Simone et Jean-Paul sont assis dans un bateau, tout de blanc vêtus, turban compris. Debout, derrière eux, à la barre et puro au bec, le barbudo Castro qui les a emmenés à Ciénaga de Zapata, la plus grande zone humide des Caraïbes: un millier d’espèces de plantes, deux cents d’oiseaux, trente de reptiles. Quelques jours plus tard, ils assisteront au meeting où le photographe Alberto Korda prendra le fameux cliché de Guevara coiffé de son béret.

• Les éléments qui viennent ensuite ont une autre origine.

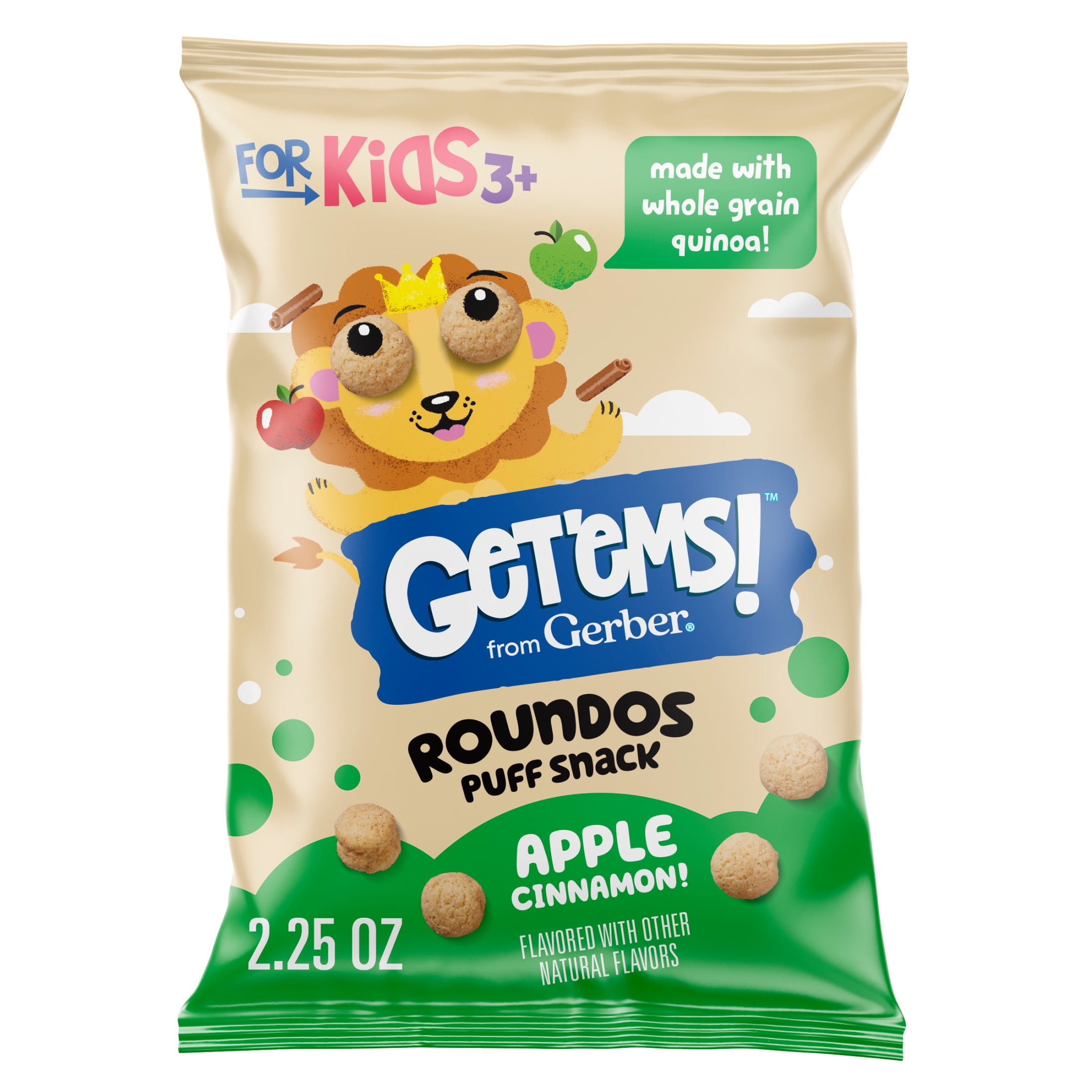 Get'ems from Gerber Apple Cinnamon Roundos Puffs Snacks, Kids Snack Made with Whole Grain Quinoa, Calcium to Support Strong Bones 2.25 oz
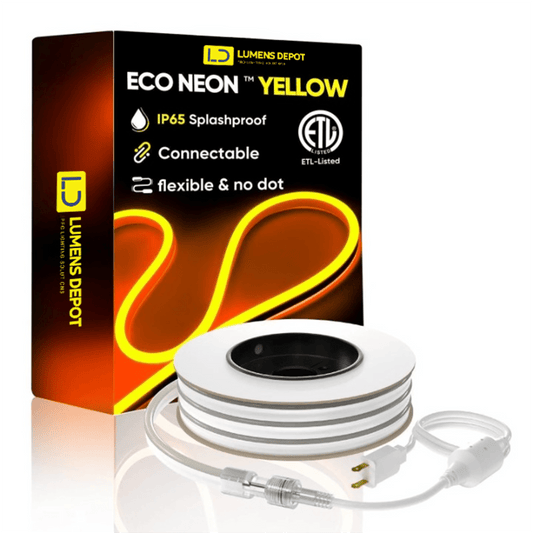 110V-120V Yellow-Amber Neon LED Rope Light - 7mmX14.5mm,Commercial Grade, IP65, 220Lm/M -Cuttable, Dimmable, ETL Listed- Plug and Play and Hardwired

Il s’en est fallu de peu pour que le Che, la « Grande Sartreuse » et son « cher petit vous autre » réunis n’ornent les teeshirts du monde entier. Nous sommes en mars 1960 et Sartre fait un reportage pour France Soir : seize articles où il comparera le Lider Maximo à Jean de la Croix, et son compère argentin à « l’homme le plus parfait de notre époque ». Le titre de ce feuilleton : « Ouragan sur le sucre ».
« À GAUCHE, TOUTE ! »
En politique, Beauvoir a une seule ligne:
« À gauche, toute ! » « La vérité est une, l’erreur multiple. Ce n’est pas un hasard si la droite professe le pluralisme », assène la prof de philo. La politique n’a jamais été la
tasse de thé de l’ex-jeune fille de la moyenne
bourgeoisie issue des « deux France », père voltairien et mère catholique. La guerre civile espagnole, qui avait vu s’étriper la gauche et la droite intellectuelles – Brasillach, Bernanos,
Hemingway, Malraux, Orwell… –, lui a été
indifférente. L’Occupation l’a surtout marquée pour les désagréments matériels. Son Goncourt (1954), Les Mandarins, traitera certes de l’échec politique du programme de la Résistance et du retour de la « domination bourgeoise ». Mais il s’agit d’abord d’un texte autobiographique sur l’entre-soi germanopratin, d’où émergent les personnages Henri Perron et Robert Dubreuilh, inspirés respectivement par Camus et Sartre.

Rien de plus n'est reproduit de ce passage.